WILLIAM MUNKS. – Mr. Munks, an excellent portrait of whom is placed in this history, is a veteran of several wars, as well as a pioneer, trapper and scout in the early days of the Pacific coast. He is to-day one of the most widely known men on Puget Sound, being often called “king of the Fidalgo Island” as he was the first white man to locate on its shores. It was then a part of Whatcom County, Washington Territory, but is now included in the boundary of Skagit. Mr. Munk was the first white man that lived within the present confines of the latter county, and was born in Canton, Ohio. At the early age of six years he suffered the loss, by death, of his father.
Upon the breaking out of the war with Mexico, he enlisted in the Fifteenth Infantry, United States volunteers, under General (then Colonel) George W. Morgan, with whom he remained until the close of hostilities.

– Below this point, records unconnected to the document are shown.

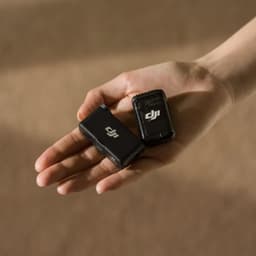 DJI Mic 2 1 TX + 1 RX présentés dans une main: boîtiers compacts noirs avec logo DJI, émetteur et récepteur portables pour enregistrement audio sans fil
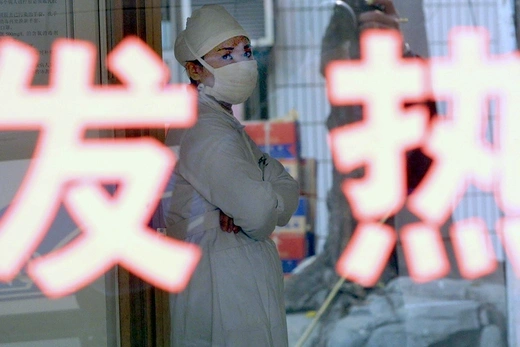 A nurse rests inside a special quarantine ward at a hospital in China’s Guangdong Province in December 2003.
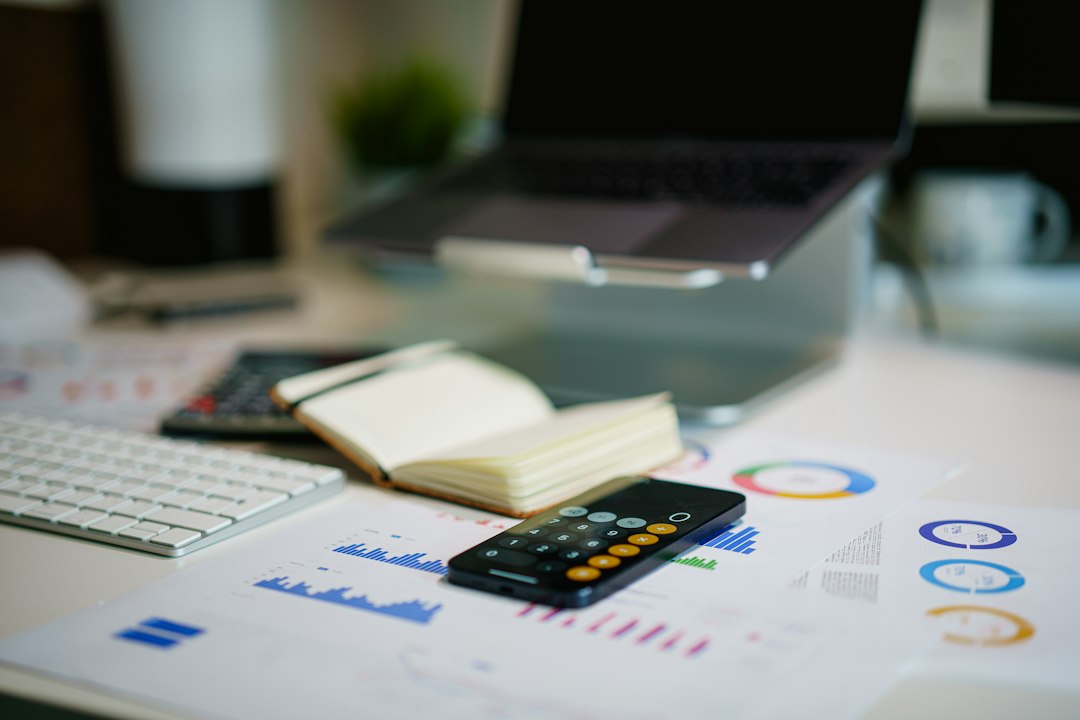 Desk with a calculator, phone and financial charts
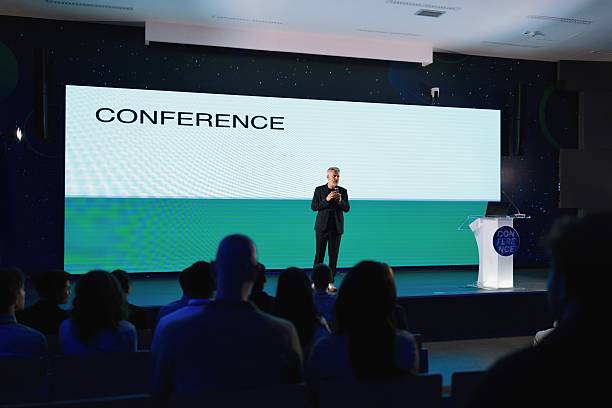 istock Presenter Delivering Keynote Speech on Technology at Modern Conference Hall 2224110762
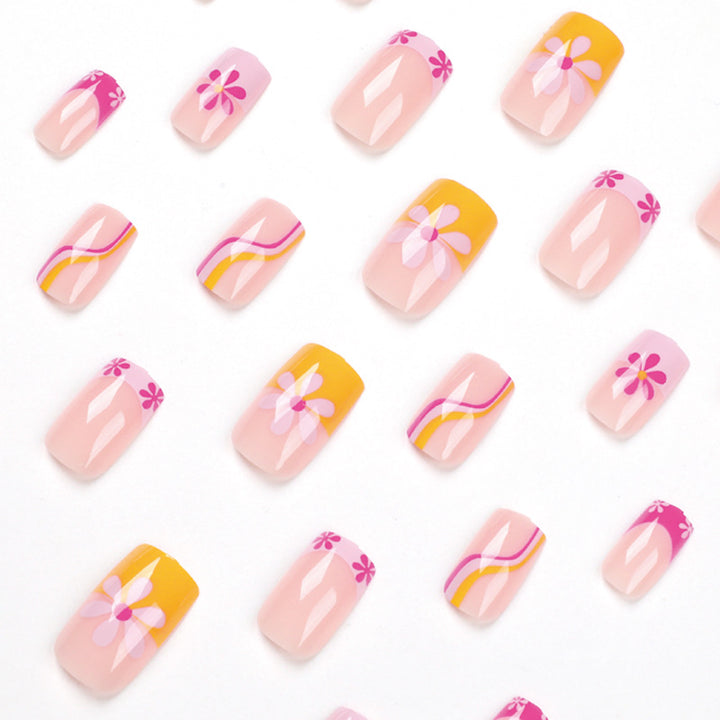 Creative Nail Art with Floral Design and Colorful Accents Kalsten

The military record of the family is rather bright, his grandfather having served in the war for independence, his father in the war of 1812, and his only brother following the fortunes of Sherman on his march to the sea. In 1849 he left the East to seek his fortune in the far West. After hunting and trapping for a time on the western slope of the Rocky Mountains, he came onto Oregon, and then proceeded to the mines of Northern California, where he followed mining with good success until 1855, during which time he took part in two Indian wars, and had many skirmishes with the savages. In the fall of the above year he returned to Oregon and entered the service of the Indian Department under General Joel Palmer, with whom he served in different capacities. He was one of the nine men sent out by the Department, under the command of Captain Jake Rhinerson, to gather and bring in the hostile Rogue River Indians and place them on the Coast Reservation, located at Fort Yamhill and the Silitz, during which service he had many very narrow escapes from savage fury. He then for a time served as an express messenger for the Indian Department.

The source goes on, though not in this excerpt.